His paper, currently in press, details research into how a robot can understand human-made environments by trying to learn how to recognise different types of surroundings, such as corridors, kitchens and offices. A 3D laser sensor is used in order to scan the environment.
Dr Martinez-Mozos said: “In our method, we combine the range and reflectance data from the laser scan for the final categorisation of places. The results of the presented experiments demonstrate the capability of our technique to categorise indoor places with high accuracy.”
The paper ‘Categorization of indoor places by combining local binary pattern histograms of range and reflectance data from laser range finders’ is currently in press for the international journal Advanced Robotics. The research was conducted with the University of Kyushu in Japan.
In a second publication Dr Martinez Mozos and colleagues study new methods for robots to be able to recognise everyday objects such as plates, boxes and cups.
He said: “The main point of this paper is that we focus on the situations where there is a lot of clutter and it is difficult to distinguish the different objects. For example, we try to identify several objects that are located on a table and that occlude each other.
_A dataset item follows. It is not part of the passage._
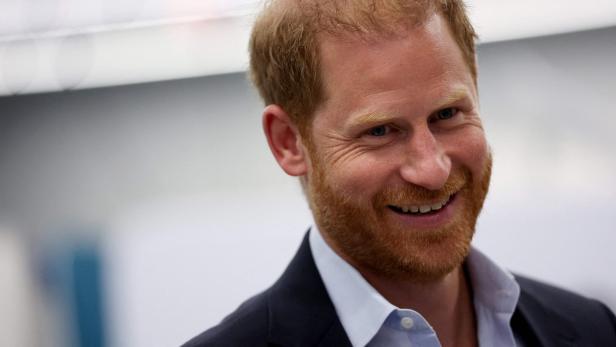 Ein lächelnder Prinz Harry ist in einem dunklen Sakko und hellblauem Hemd zu sehen.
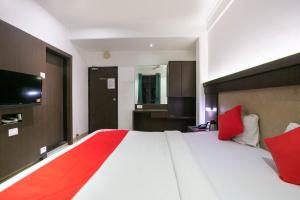 a bedroom with a large white bed with red pillows at Hotel Prince Residency in Thane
In this situation the task of recognising objects is difficult (even for humans) because the robot can only see a part of the object.”
The paper presents an approach based on a 3D dataset containing over 15,000 Kinect scans of more than 100 objects which were grouped into general geometric categories.
The joint work ‘Cumulative object categorization in clutter’ was done in collaboration with the German Aerospace Center (DLR), the University of Bremen in Germany, and the Autonomous Technologies Group Robert Bosch LLC in the United States.
The paper was accepted for a workshop organised inside the Robotics: Science and Systems (RSS) conference, June 2013.